** What needs to be done **
No pictures go into the copy. Write out exactly the lines below from the one containing "Overnight Wrist Oxygen" through the one containing "Tranquil Symphony Canvas Wall Painting".

** Task input **
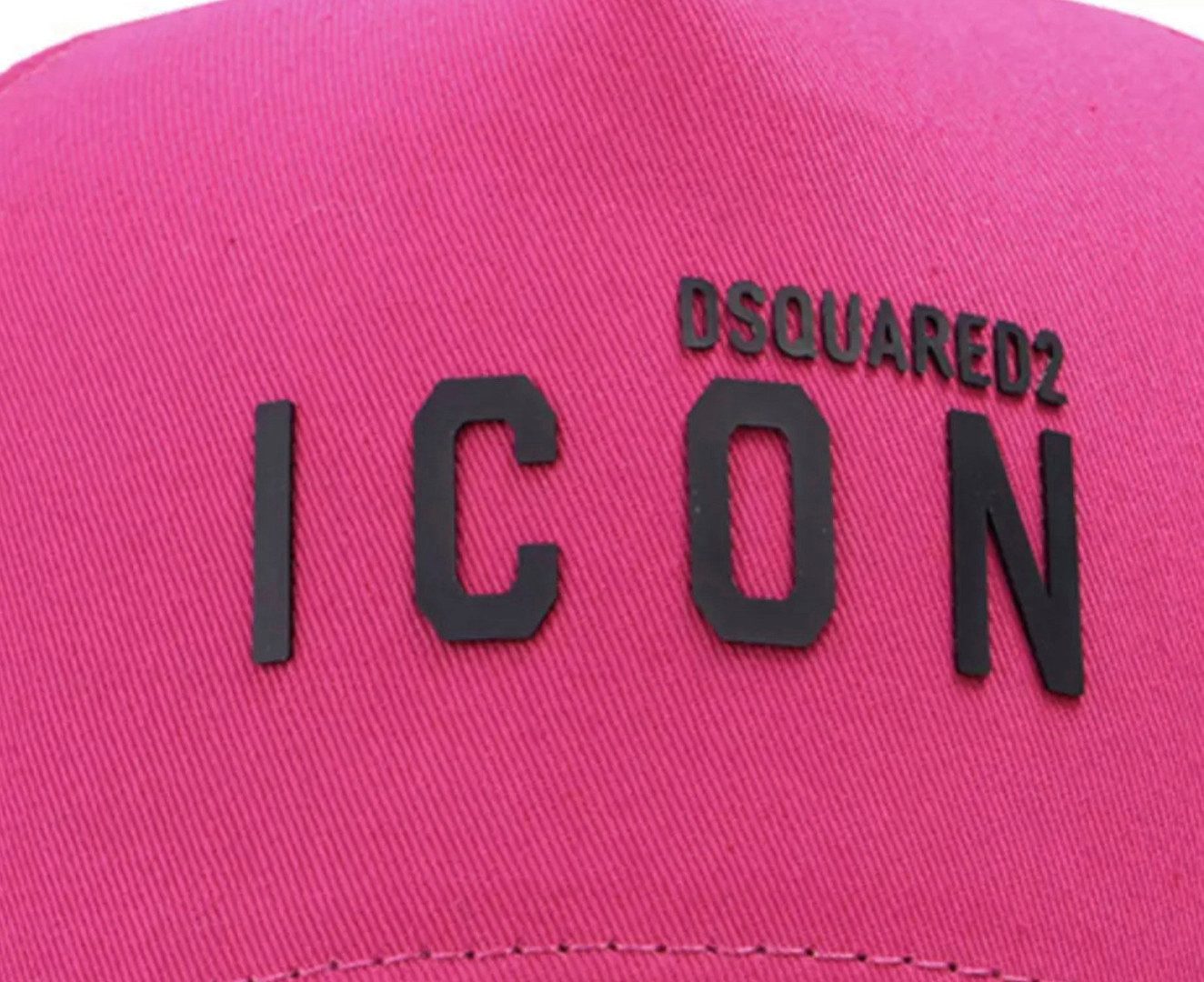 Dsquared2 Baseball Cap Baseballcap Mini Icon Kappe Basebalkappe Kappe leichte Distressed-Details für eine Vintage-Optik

--

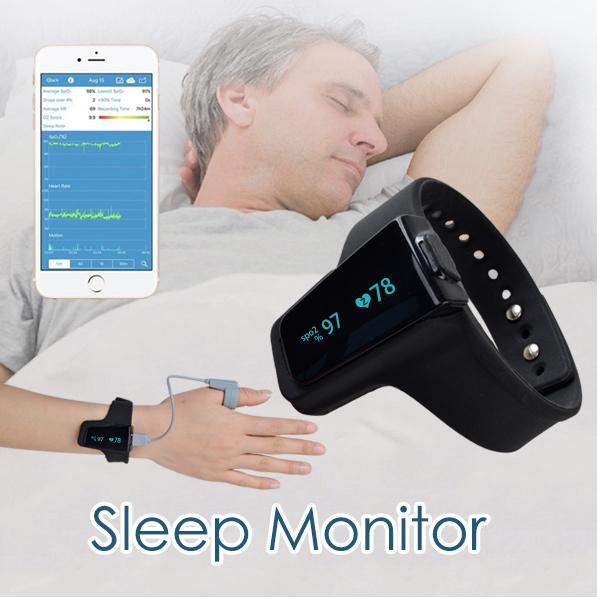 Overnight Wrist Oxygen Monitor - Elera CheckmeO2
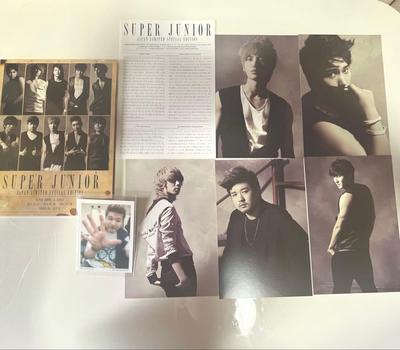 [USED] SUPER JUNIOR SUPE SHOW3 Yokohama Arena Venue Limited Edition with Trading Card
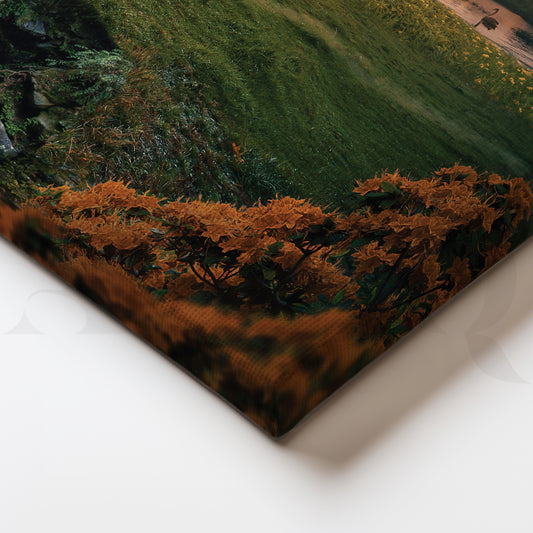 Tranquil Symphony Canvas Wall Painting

** Solution for this problem **
 Overnight Wrist Oxygen Monitor - Elera CheckmeO2
 [USED] SUPER JUNIOR SUPE SHOW3 Yokohama Arena Venue Limited Edition with Trading Card
 Tranquil Symphony Canvas Wall Painting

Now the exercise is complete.